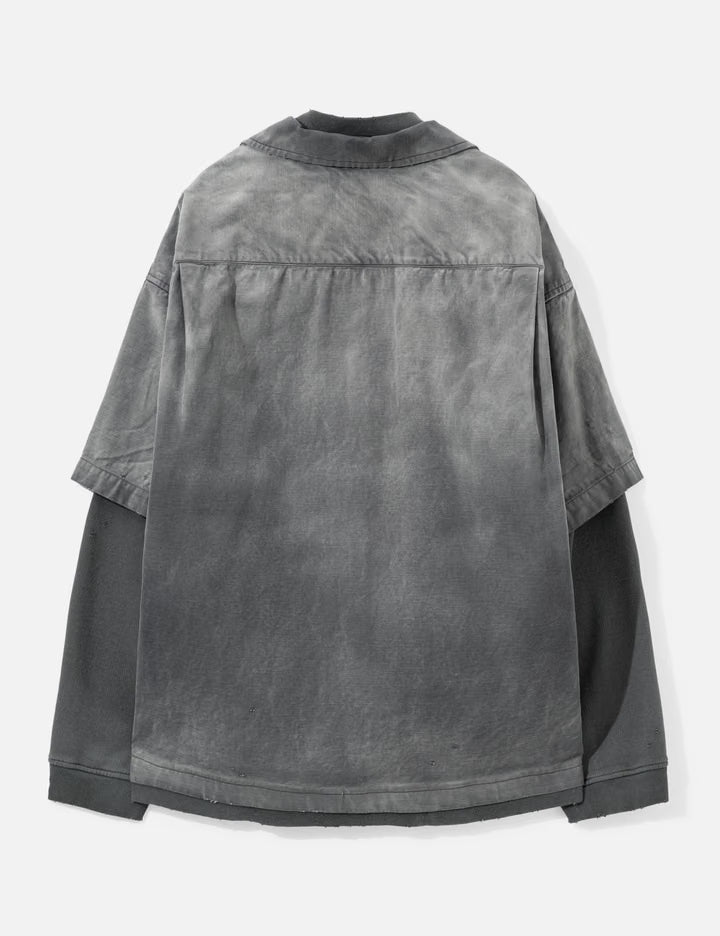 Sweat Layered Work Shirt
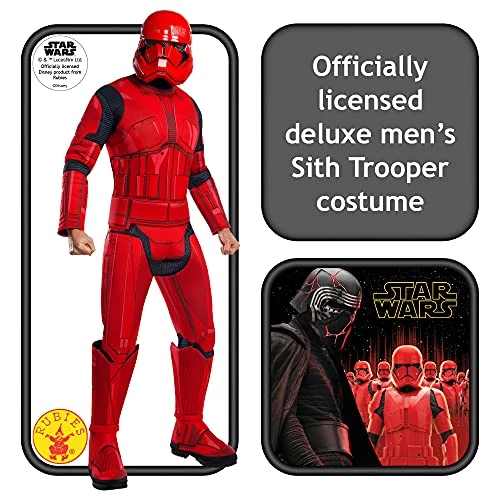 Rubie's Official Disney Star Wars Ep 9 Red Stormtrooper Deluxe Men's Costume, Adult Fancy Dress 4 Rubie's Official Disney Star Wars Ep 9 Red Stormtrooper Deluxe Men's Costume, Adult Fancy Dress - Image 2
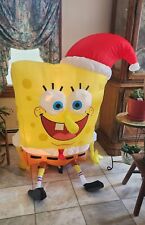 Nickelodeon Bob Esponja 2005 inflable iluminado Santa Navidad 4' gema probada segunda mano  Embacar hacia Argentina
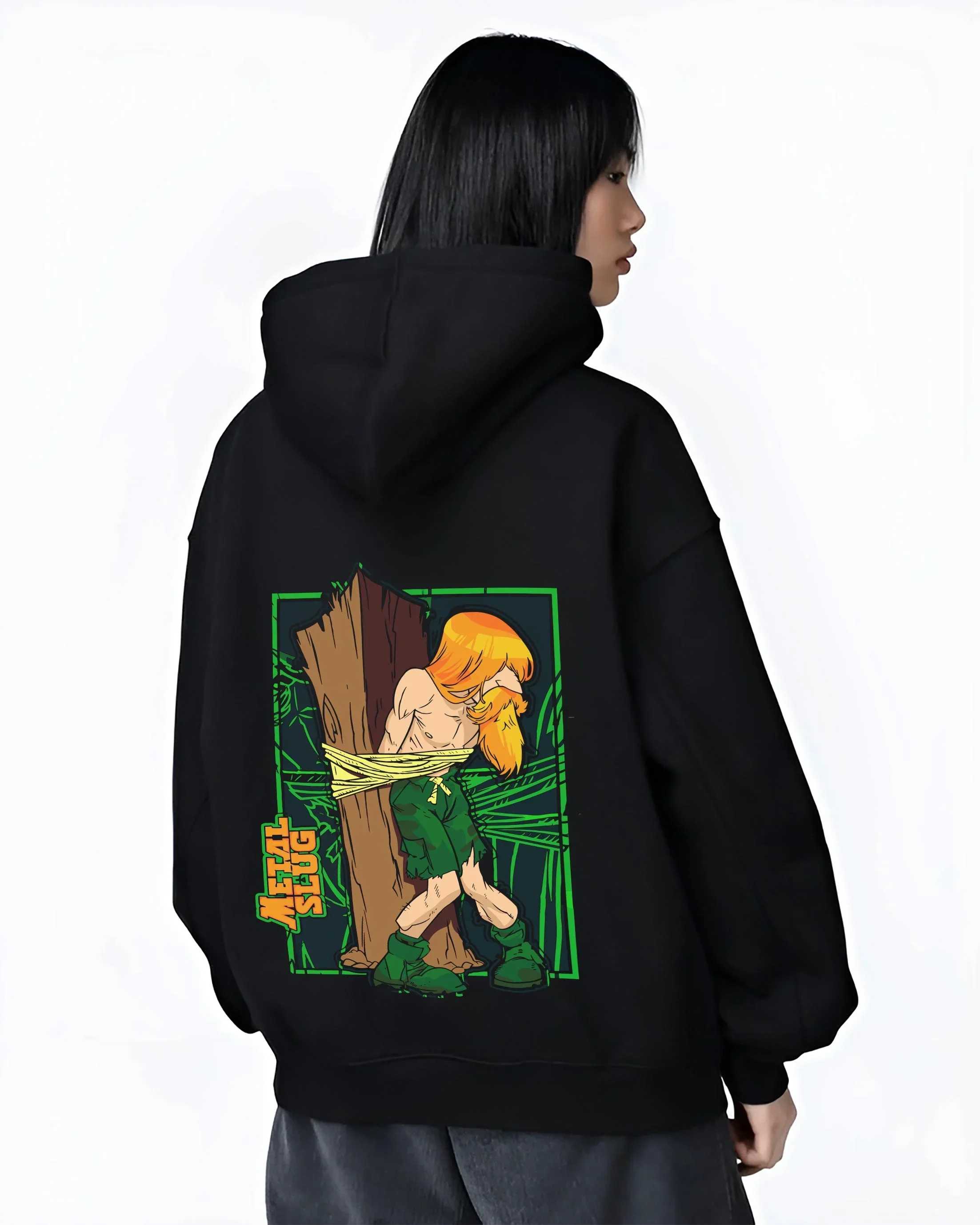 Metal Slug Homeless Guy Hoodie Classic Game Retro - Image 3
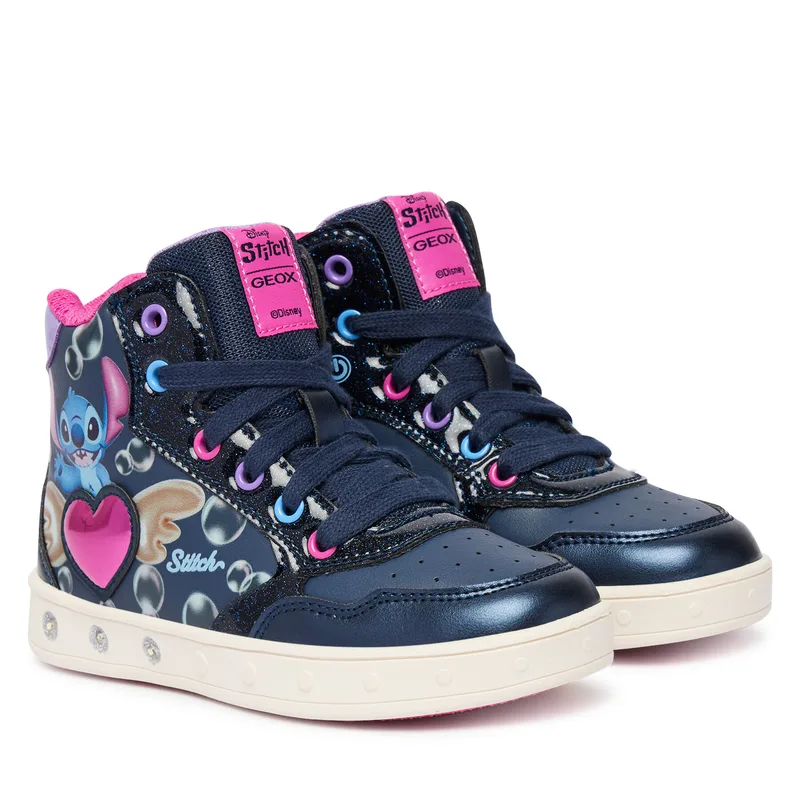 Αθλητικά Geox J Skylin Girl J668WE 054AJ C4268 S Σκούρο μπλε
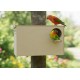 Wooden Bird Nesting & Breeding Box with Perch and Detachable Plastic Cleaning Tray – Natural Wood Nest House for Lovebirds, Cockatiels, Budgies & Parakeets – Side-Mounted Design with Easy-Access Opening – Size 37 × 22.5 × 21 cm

********

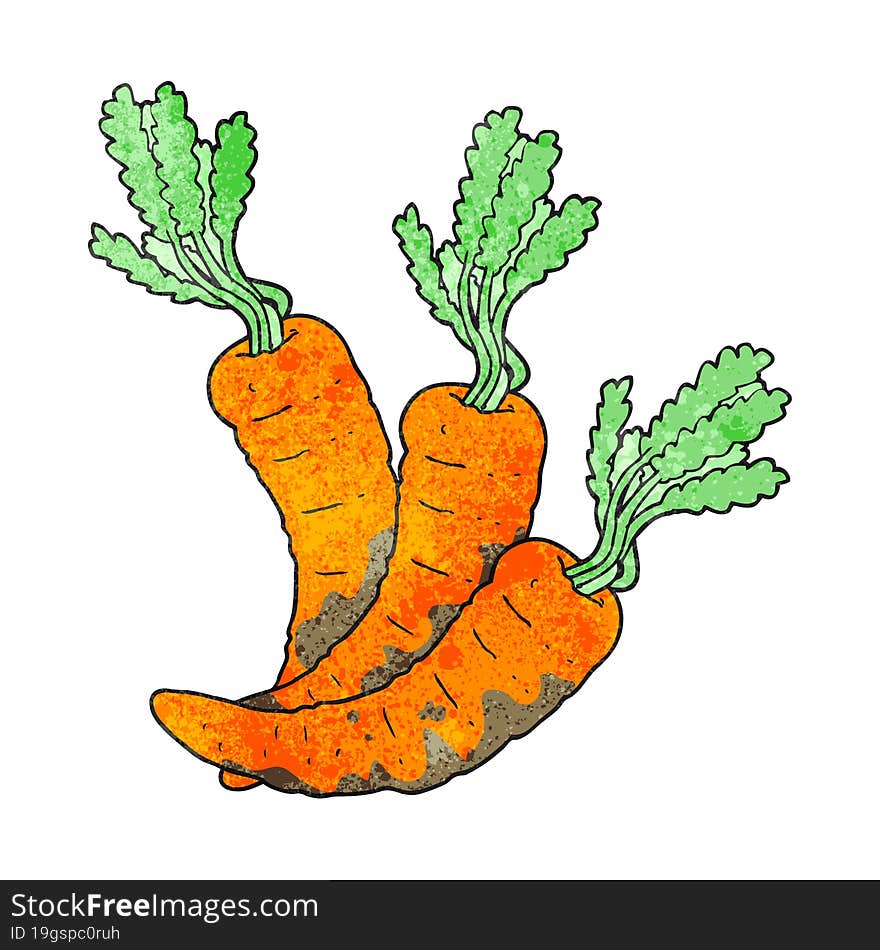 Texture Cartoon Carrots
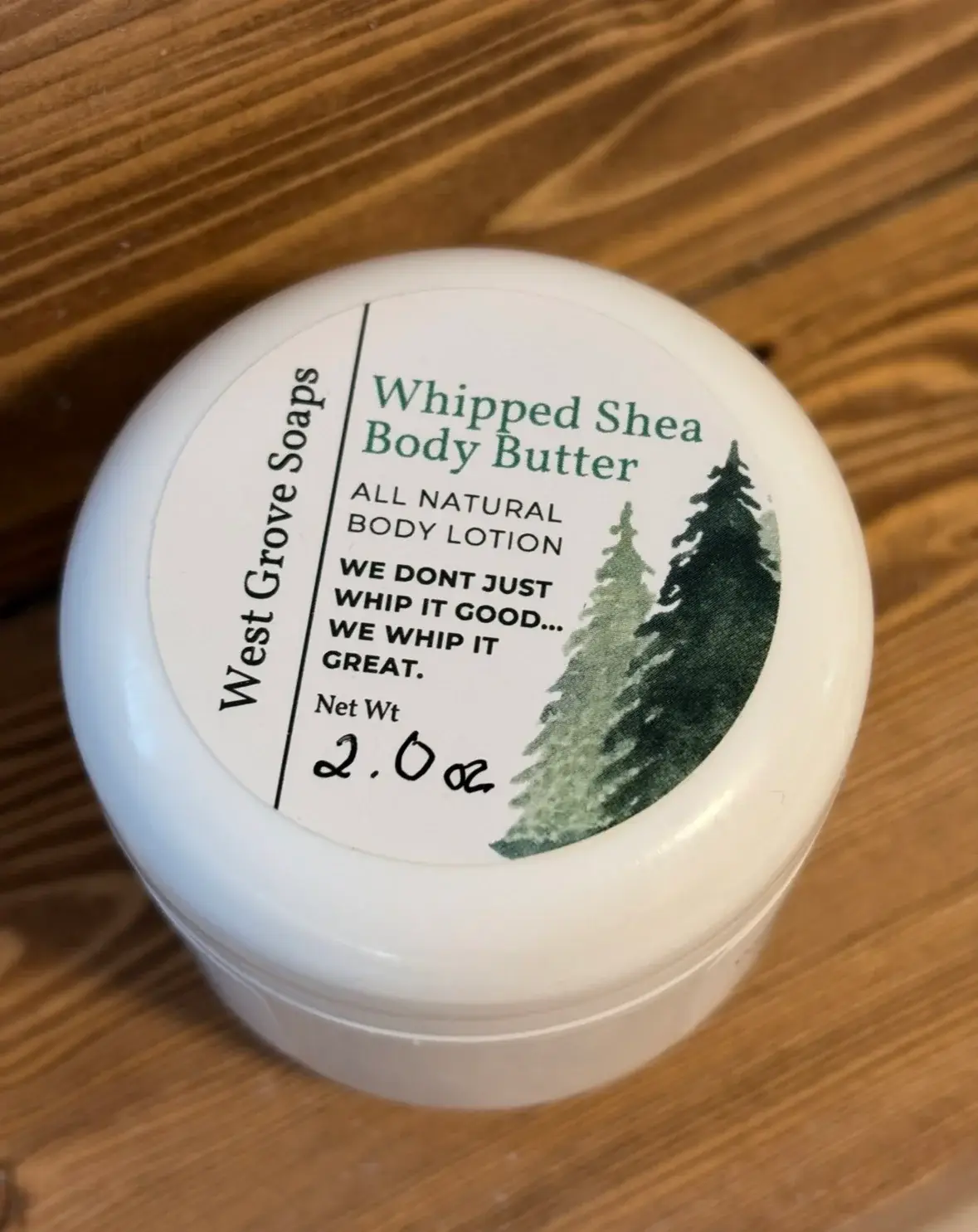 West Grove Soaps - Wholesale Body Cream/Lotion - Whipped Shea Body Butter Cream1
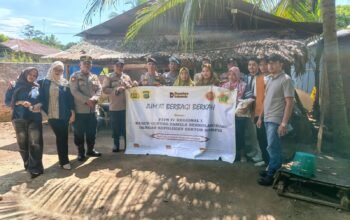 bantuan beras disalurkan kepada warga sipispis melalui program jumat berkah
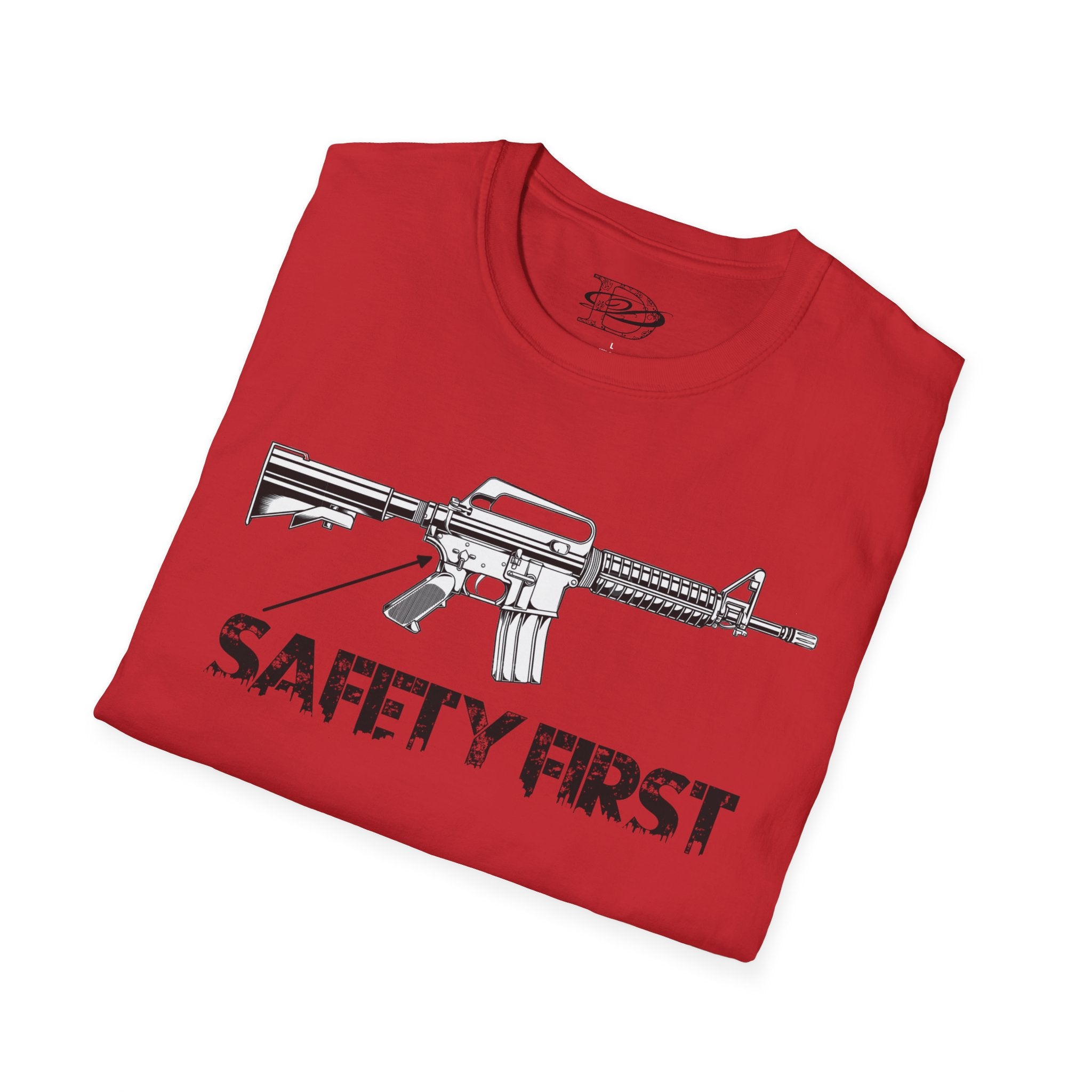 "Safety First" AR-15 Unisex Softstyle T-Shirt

********

■ Problem statement:
Exact repeat of the material above: every line from the one with "Αθλητικά Geox J" through the one with "Wooden Bird Nesting", endpoints included, and nothing more. No pictures.

■ Task result:
 Αθλητικά Geox J Skylin Girl J668WE 054AJ C4268 S Σκούρο μπλε
 Wooden Bird Nesting & Breeding Box with Perch and Detachable Plastic Cleaning Tray – Natural Wood Nest House for Lovebirds, Cockatiels, Budgies & Parakeets – Side-Mounted Design with Easy-Access Opening – Size 37 × 22.5 × 21 cm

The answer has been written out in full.